Apesar de abordar essa questão de forma respeitosa, “Uma Mulher Exemplar” acaba falhando na construção do roteiro e na direção. O texto de Steven Knight apresenta uma Catherine bastante ingênua, que se coloca em situações bastante perigosas sem necessidade ou grande motivo aparente. Um exemplo desse comportamento é logo no início do filme, quando ela manda uma carta pedindo à Touro Sentado permissão para fazer sua pintura e viaja para encontrá-lo antes mesmo de receber uma resposta. O que resulta na mesma não sabendo para onde ir quando chega na cidade, e quase sendo presa pelo exército americano, que nunca deixou que sua carta chegasse ao chefe Sioux. Tudo isso aconteceu de forma bastante diferente na vida real, afinal, Catherine e Touro Sentado já se correspondiam há meses antes da sua chegada. Pelo menos o filme também não cai no clichê de colocar um homem para salvá-la nesses momentos, e a mesma consegue contornar tais situações por si só. Mas fica evidente que essa decisão sobre sua personagem foi tomada apenas para a história apresentar um pouco mais de suspense em momentos chave, tirando um pouco do realismo que a história consegue manter em outros pontos.
A direção de Susanna White também decepciona por não conseguir elaborar o suspense que o roteiro tenta inserir na narrativa. Nos momentos de confronto, as cenas são construídas de uma forma onde tudo ao redor delas (como cinematografia, fotografia e trilha sonora) parecem sugerir que aquilo que está sendo retratado são apenas conversas inconsequentes entre amigos. Não vemos planos diferentes das demais cenas para tentar elevar a tensão. A própria trilha sonora de George Fenton é bastante genérica e não consegue evocar nenhuma emoção, boa ou ruim.
Tudo isso acaba tornando a experiência de assistir ao filme bastante entediante, pois ele carrega um ritmo consistentemente lento. Apesar de trazer questões importantes sobre os direitos dos nativos americanos e como o modo de vida do homem branco foi acabando com a sua cultura pouco a pouco (e em certos aspectos de uma vez só, através de decisões mais drásticas), esses pontos só acabam mais desenvolvidos, de fato, no terceiro ato. Então é necessário passar por dois atos insatisfatórios (principalmente o primeiro), que são superficiais tanto em desenvolver os personagens quanto a narrativa. É no segundo ato que começamos a conhecer mais sobre Catherine e Touro Sentado, através de conversas expositivas sobre suas motivações e o passado de ambos, porém aqui essa exposição não incomoda. O passado dos personagens é bastante interessante (principalmente o de Touro Sentado), o que acaba fazendo esses diálogos se destacarem. A amizade que surge entre os dois é agradável de acompanhar, mesmo que nem sempre o argumento faça um bom trabalho em explicar o porquê da ligação entre ambos ser tão forte.

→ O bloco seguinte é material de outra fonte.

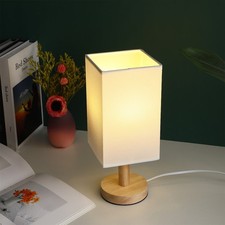  Abat Jour Pour Lampe Sur Pied Abat-jour Rectangulaire Time À De Table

As atuações são consistentes e boas, com destaque para Michael Greyeyes, que interpreta o chefe da tribo Sioux com maestria. Touro Sentado, que sempre foi considerado pelo seu povo como um guerreiro, se encontra numa situação onde o seu antigo modo de viver quase não existe mais e é relegado a uma vida como fazendeiro, algo que se tornou uma grande frustração na sua jornada. Greyeyes consegue exibir todos esses conflitos internos de forma a causar empatia no espectador, mesmo naqueles que talvez não concordem com o modo de vida por vezes violento que o personagem liderava seu povo. Chastain também está em ótima forma, apresentando competentemente como conviver com os Sioux muda a visão de mundo e prioridades de Catherine.

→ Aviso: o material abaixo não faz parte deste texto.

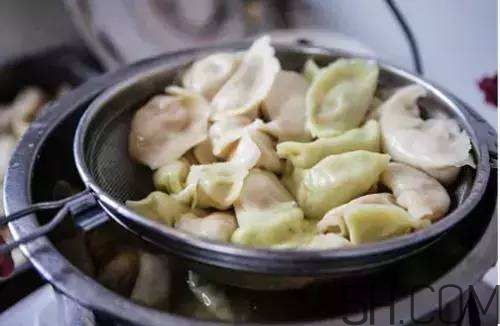 餃子餡怎么做好吃？餃子餡怎么調(diào)？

Nem sempre convencendo na sua execução, “Uma Mulher Exemplar” pode ser interessante do ponto de vista histórico caso se deseje aprender mais sobre esse período da história americana. Infelizmente, o filme não consegue êxito em alguns dos aspectos mais importantes para obter uma narrativa coerente e mais empolgante de se acompanhar do começo ao fim.